Alberich steals the gold by Arthur Rackham. (from Wikipedia)Alberich steals the gold by Arthur Rackham. (from Wikipedia)Rarely will they enter into combat, although they will defend themselves and their watery homes if attacked. Their primary means of defense is enchantment, often through song or the shimmer of their wavy hair. Often one will appear and entice the enemy to follow her into an ambush. Creatures entranced by their beauty will follow the nymph into the water's depths, often forgetting that while she can breathe underwater, they can not, leading them to drown. For those who don't fall to the nymphs' charms, they are adept at spears and nets.


Water-nymphs often have eclectic treasures, collected from freshwater shipwrecks or overturned boats, goods washed away in floods, and from the fallen who died in battles in the water. They keep their treasures hidden in deeper water, often obscured by weeds.

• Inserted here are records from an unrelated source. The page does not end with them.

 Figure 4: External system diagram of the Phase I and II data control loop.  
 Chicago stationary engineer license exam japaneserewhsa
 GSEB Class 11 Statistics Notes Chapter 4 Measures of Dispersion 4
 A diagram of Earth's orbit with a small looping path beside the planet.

Underwater, they are fierce opponents, quite adept at quick movements and handy with the spear.


I think your spot in your assessment of modern culture misrepresenting the ideals of ancient civilizations. The term nymphomaniac and gentleman like Mr. Freud are the cause of this resultant shift.

Ancient cultures were a lot wiser than we like to give them credit for. Most of the mythological creatures and gods had a duality that the destruction or belittling by modern monotheism destroyed.

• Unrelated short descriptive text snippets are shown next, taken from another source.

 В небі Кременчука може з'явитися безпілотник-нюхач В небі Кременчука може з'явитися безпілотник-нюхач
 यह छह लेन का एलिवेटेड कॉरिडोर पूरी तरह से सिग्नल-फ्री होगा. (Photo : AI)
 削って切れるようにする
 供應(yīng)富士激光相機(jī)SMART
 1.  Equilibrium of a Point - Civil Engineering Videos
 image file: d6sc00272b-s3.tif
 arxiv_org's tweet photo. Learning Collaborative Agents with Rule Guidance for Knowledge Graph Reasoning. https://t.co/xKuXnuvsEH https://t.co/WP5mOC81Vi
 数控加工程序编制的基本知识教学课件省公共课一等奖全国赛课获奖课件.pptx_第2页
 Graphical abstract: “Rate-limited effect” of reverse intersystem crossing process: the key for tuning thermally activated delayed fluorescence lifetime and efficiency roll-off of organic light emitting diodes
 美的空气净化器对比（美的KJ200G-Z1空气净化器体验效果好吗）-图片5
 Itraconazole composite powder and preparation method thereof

Mars or Aeres if you prefer Greek names like I do is another prime example. The god of war is oft depicted as purely a slayer, a being that seeks destruction for its primary purpose. Forgotten are the images of him as a protector and defender of the weak and of farmers and their crops. War was a necessary plight in a world of barbarism and conquest. We as a civilization make war on insects and germs and all kinds of harmful, toxic things. No one cries out to protect the endangered species of viruses...

Any way not going to rant today. Thanks for the thoughts.

"In these ways, they were women as women were meant to be."
- A beautiful, rich, and true statement! I think the "water nymph archetype" may be my favorite "fantasy female archetype" too. Nearly all my female D&D characters are tied to water. I often play Cylonea, a very young Shaman/Artificer Merfolk (the way the latest Magic: The Gathering sets portrayed them), and I now created Nerelkie (I'm sure the name will ring some bells to you), a Water Elementalist Half Elf of "Thaliessan blood", basically a "Half Sea-Elf".
Water is my favorite element, and I think it has always been considered "female". It's a life-giver, it adapts to any constraint, it's calm and welcoming but can also bring disaster and tragedy. It's not as "volatile" as Air, but not less moody. Not as aggressive as Fire, but potentially more destructive. Not as fundamental as earth, but still always necessary. I guess I can associate all the other elements to women too, but none of those "elemental women" are as attractive as the Water Woman.